Actionable comments posted: 4

🧹 Nitpick comments (12)
recipes/README.md (1)

9-9: DeepSeek‑R1 marked deployable: confirm docs reflect both single‑node and multi‑node variants.

Row looks good. Consider clarifying the “Mode” to indicate both single‑node and multi‑node disagg variants are supported, and ensure prerequisites mention access to sglang runtime images (not just vLLM).
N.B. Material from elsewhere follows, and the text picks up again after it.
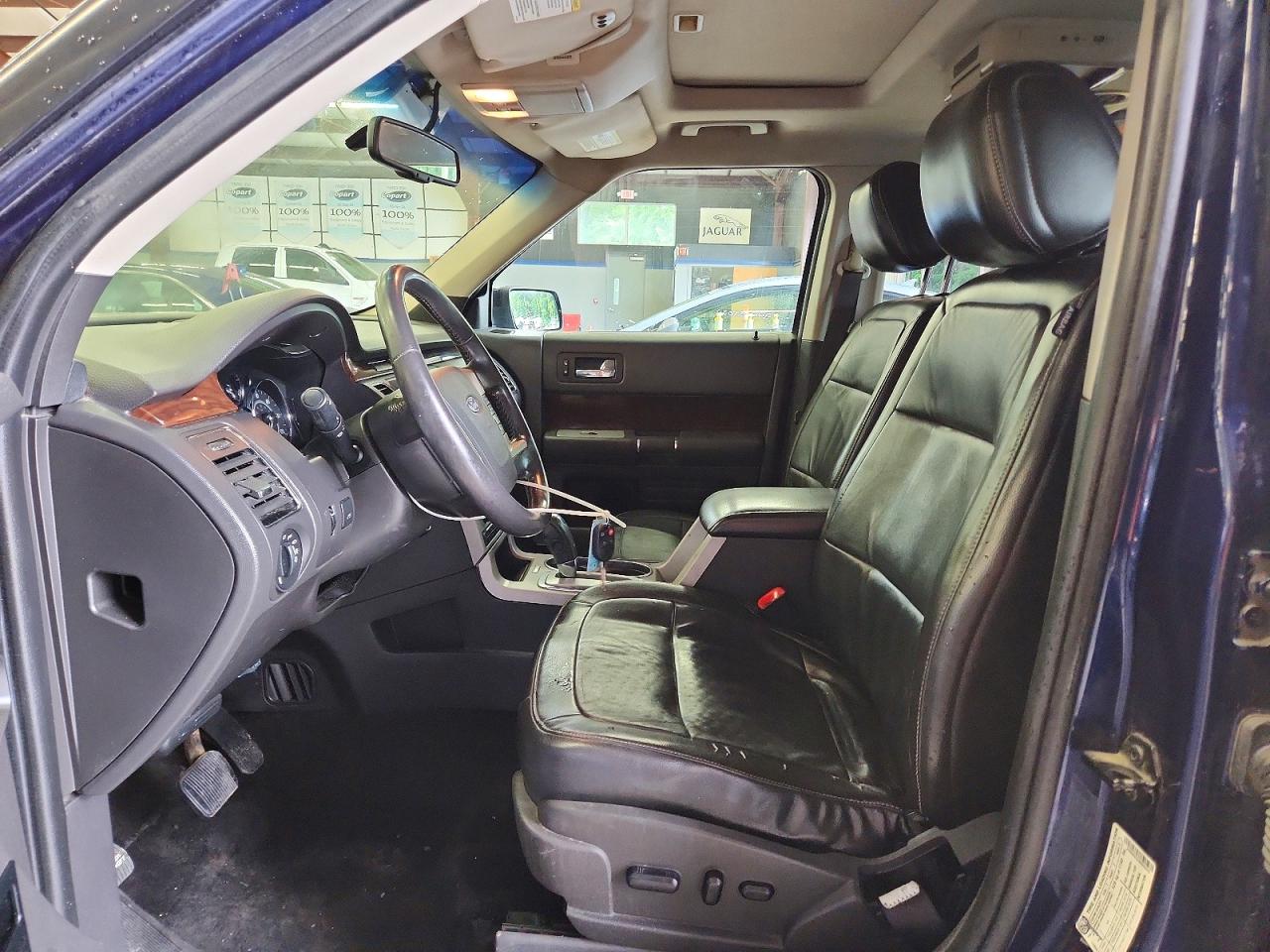 2011 Ford Flex Sel Blue vin: 2FMHK6CC5BBD00555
recipes/deepseek-r1/model_cache/model-cache.yaml (3)

8-13: PVC RWX + 1 TiB: verify storage class supports ReadWriteMany and quota.

Many clusters’ default storage classes don’t support RWX. Please confirm your chosen StorageClass provides RWX and adequate throughput for concurrent decode/prefill mounts. Adjust size if your model/variants exceed 1 TiB.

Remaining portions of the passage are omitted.